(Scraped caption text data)

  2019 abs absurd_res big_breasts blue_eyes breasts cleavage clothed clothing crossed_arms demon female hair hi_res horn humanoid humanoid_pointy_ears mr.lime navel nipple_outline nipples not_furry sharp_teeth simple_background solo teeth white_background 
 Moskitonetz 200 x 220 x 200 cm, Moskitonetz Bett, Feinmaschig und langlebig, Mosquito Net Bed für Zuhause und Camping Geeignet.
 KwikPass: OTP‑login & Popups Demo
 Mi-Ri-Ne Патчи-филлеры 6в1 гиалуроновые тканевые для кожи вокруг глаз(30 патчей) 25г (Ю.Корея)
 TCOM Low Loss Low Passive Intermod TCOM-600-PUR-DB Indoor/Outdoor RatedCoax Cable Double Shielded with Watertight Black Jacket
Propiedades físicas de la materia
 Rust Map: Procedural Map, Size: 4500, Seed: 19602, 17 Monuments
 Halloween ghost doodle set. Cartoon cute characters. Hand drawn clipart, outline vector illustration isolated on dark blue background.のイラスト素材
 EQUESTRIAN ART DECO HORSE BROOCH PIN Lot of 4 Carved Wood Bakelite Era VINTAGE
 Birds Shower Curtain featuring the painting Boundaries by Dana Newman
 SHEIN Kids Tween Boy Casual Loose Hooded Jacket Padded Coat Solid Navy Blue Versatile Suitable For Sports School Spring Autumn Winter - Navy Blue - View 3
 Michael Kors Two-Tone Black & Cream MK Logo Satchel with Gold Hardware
...
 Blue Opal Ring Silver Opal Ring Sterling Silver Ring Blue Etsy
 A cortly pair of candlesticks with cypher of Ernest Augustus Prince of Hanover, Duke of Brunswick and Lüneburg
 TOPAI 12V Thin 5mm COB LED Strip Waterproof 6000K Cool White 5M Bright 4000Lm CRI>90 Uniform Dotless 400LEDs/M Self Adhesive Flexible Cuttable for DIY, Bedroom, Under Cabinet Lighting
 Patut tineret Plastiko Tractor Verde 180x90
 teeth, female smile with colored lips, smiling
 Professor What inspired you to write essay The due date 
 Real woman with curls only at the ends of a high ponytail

**What you should do:** Using the data above, repeat exactly the lines that begin at the line with "Rust Map: Procedural" and end at the line with "Michael Kors Two-Tone", both ends included.

**Task result:**
 Rust Map: Procedural Map, Size: 4500, Seed: 19602, 17 Monuments
 Halloween ghost doodle set. Cartoon cute characters. Hand drawn clipart, outline vector illustration isolated on dark blue background.のイラスト素材
 EQUESTRIAN ART DECO HORSE BROOCH PIN Lot of 4 Carved Wood Bakelite Era VINTAGE
 Birds Shower Curtain featuring the painting Boundaries by Dana Newman
 SHEIN Kids Tween Boy Casual Loose Hooded Jacket Padded Coat Solid Navy Blue Versatile Suitable For Sports School Spring Autumn Winter - Navy Blue - View 3
 Michael Kors Two-Tone Black & Cream MK Logo Satchel with Gold Hardware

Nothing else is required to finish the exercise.